INSTRUCTIONS FOR THE TASK:
Please copy the data below exactly; none of the pictures in it belong in the copy.

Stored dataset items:

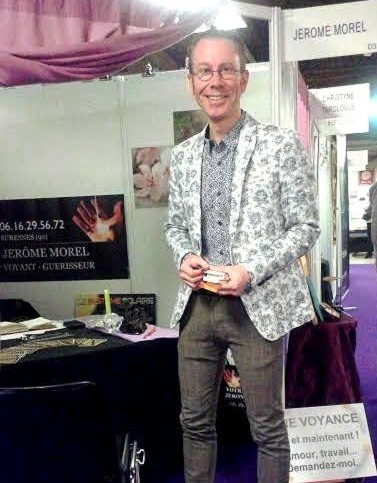 Photo de Jérôme Morel au salon Parapsy Paris, plus grand salon des arts divinatoires de France, en 2018.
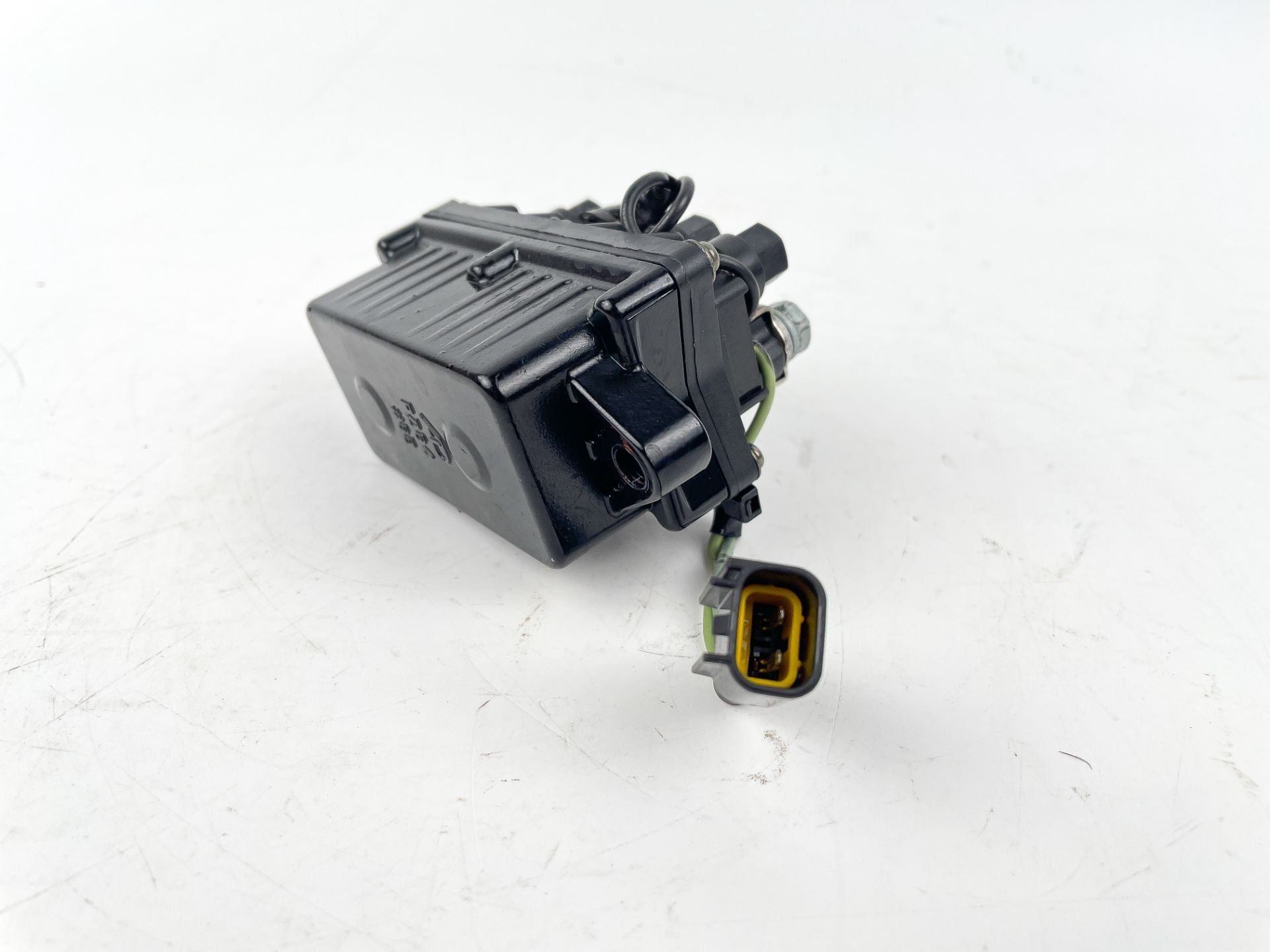 2006 Yamaha 150 HP 4 Stroke Outboard Trim Tilt Relay 63P-81950-00-00 OEM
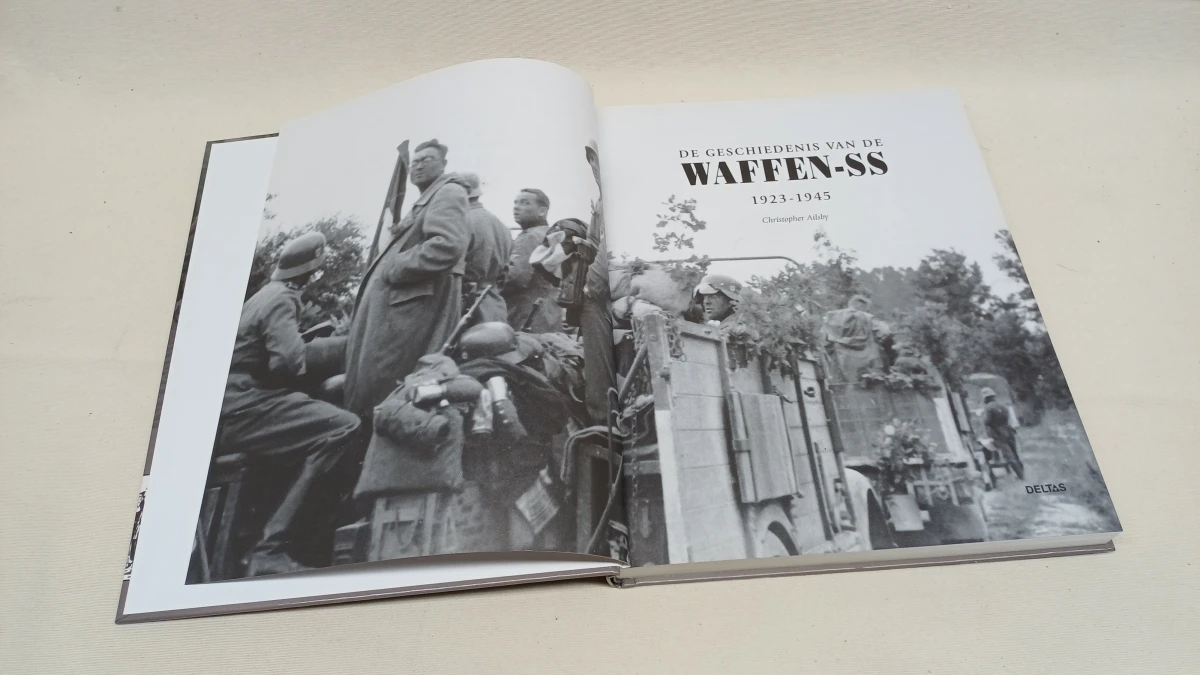 Set van 3 boeken over Hitler en de Tweede Wereldoorlog - foto 7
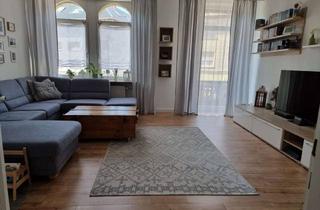 Wohnung kaufen in 68307 Sandhofen, Lichtdurchflutete Altbauwohnung mit 4,5 Zimmern & EBK in zentraler Lage in Mannheim Sandhofen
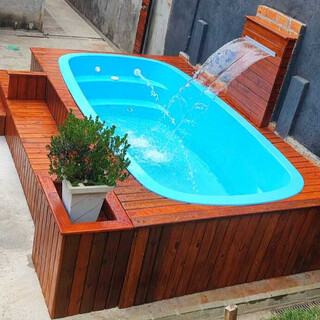 Laionel subiu na vida mostrando que ter piscina pode ser mais simples Laionel subiu na vida mostrando que ter piscina pode ser mais simples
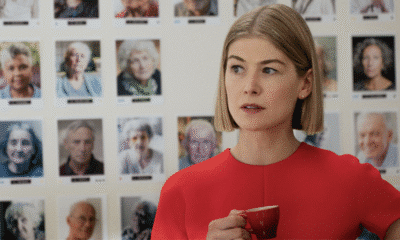Rosamund Pike Punched in London Street Mugging as Phone Snatching Epidemic Spirals Wheel Of Time Gone Girl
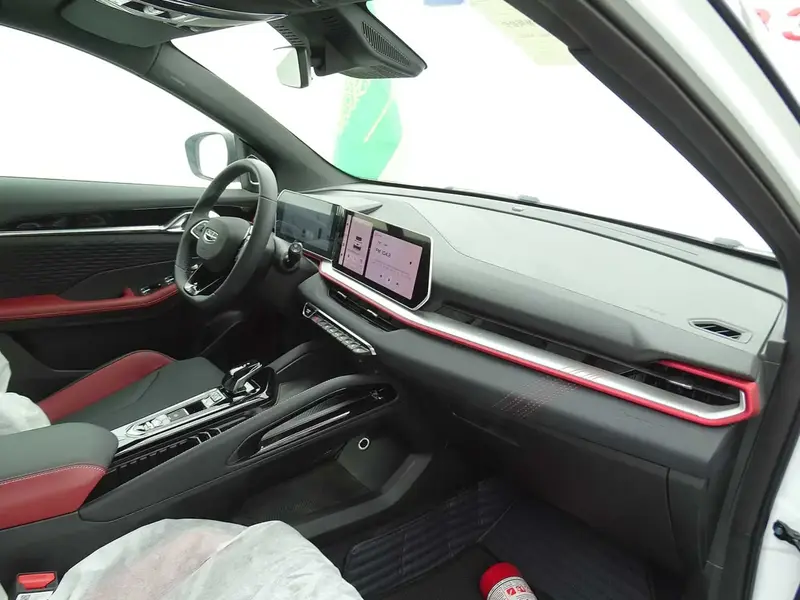 Geely Coolray 2025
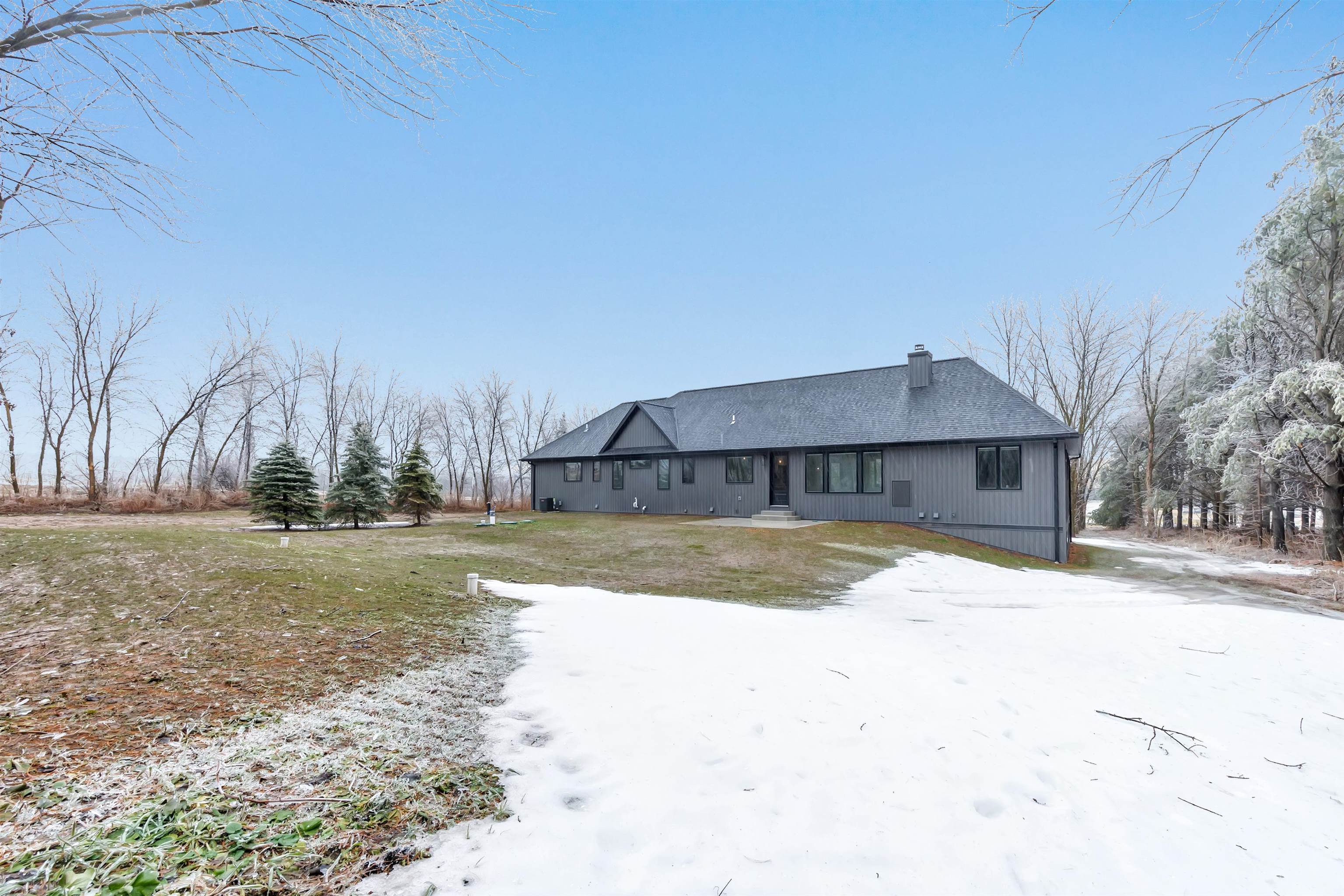 3907 Trappers Bend Court Green Bay, WI 54313 - Photo 32 of 46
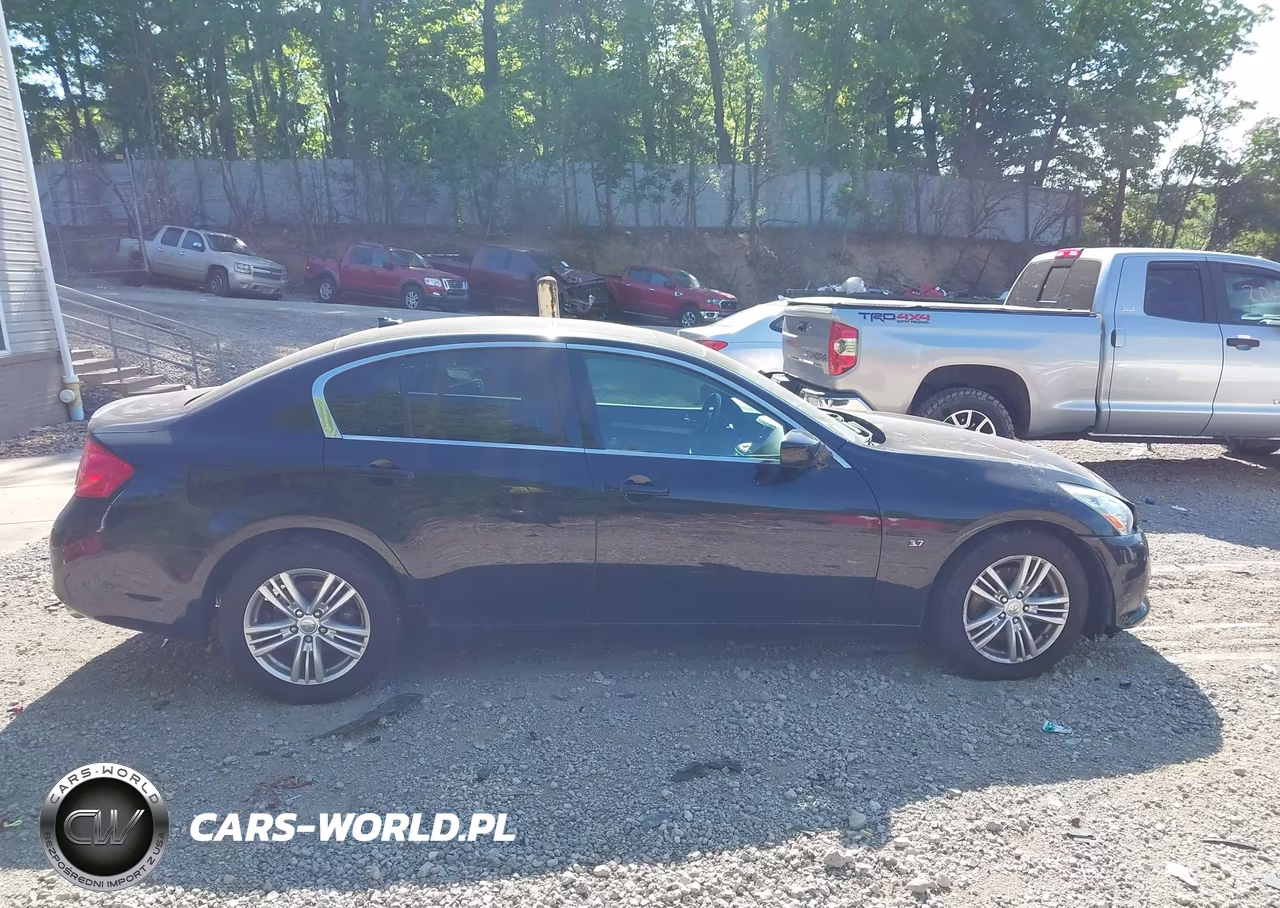 2015 Infiniti Q40 VIN:JN1CV6AR7FM650625 - 13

RESULT BELOW:
 Photo de Jérôme Morel au salon Parapsy Paris, plus grand salon des arts divinatoires de France, en 2018.
 2006 Yamaha 150 HP 4 Stroke Outboard Trim Tilt Relay 63P-81950-00-00 OEM
 Set van 3 boeken over Hitler en de Tweede Wereldoorlog - foto 7
 Wohnung kaufen in 68307 Sandhofen, Lichtdurchflutete Altbauwohnung mit 4,5 Zimmern & EBK in zentraler Lage in Mannheim Sandhofen
 Laionel subiu na vida mostrando que ter piscina pode ser mais simples Laionel subiu na vida mostrando que ter piscina pode ser mais simples
Rosamund Pike Punched in London Street Mugging as Phone Snatching Epidemic Spirals Wheel Of Time Gone Girl
 Geely Coolray 2025
 3907 Trappers Bend Court Green Bay, WI 54313 - Photo 32 of 46
 2015 Infiniti Q40 VIN:JN1CV6AR7FM650625 - 13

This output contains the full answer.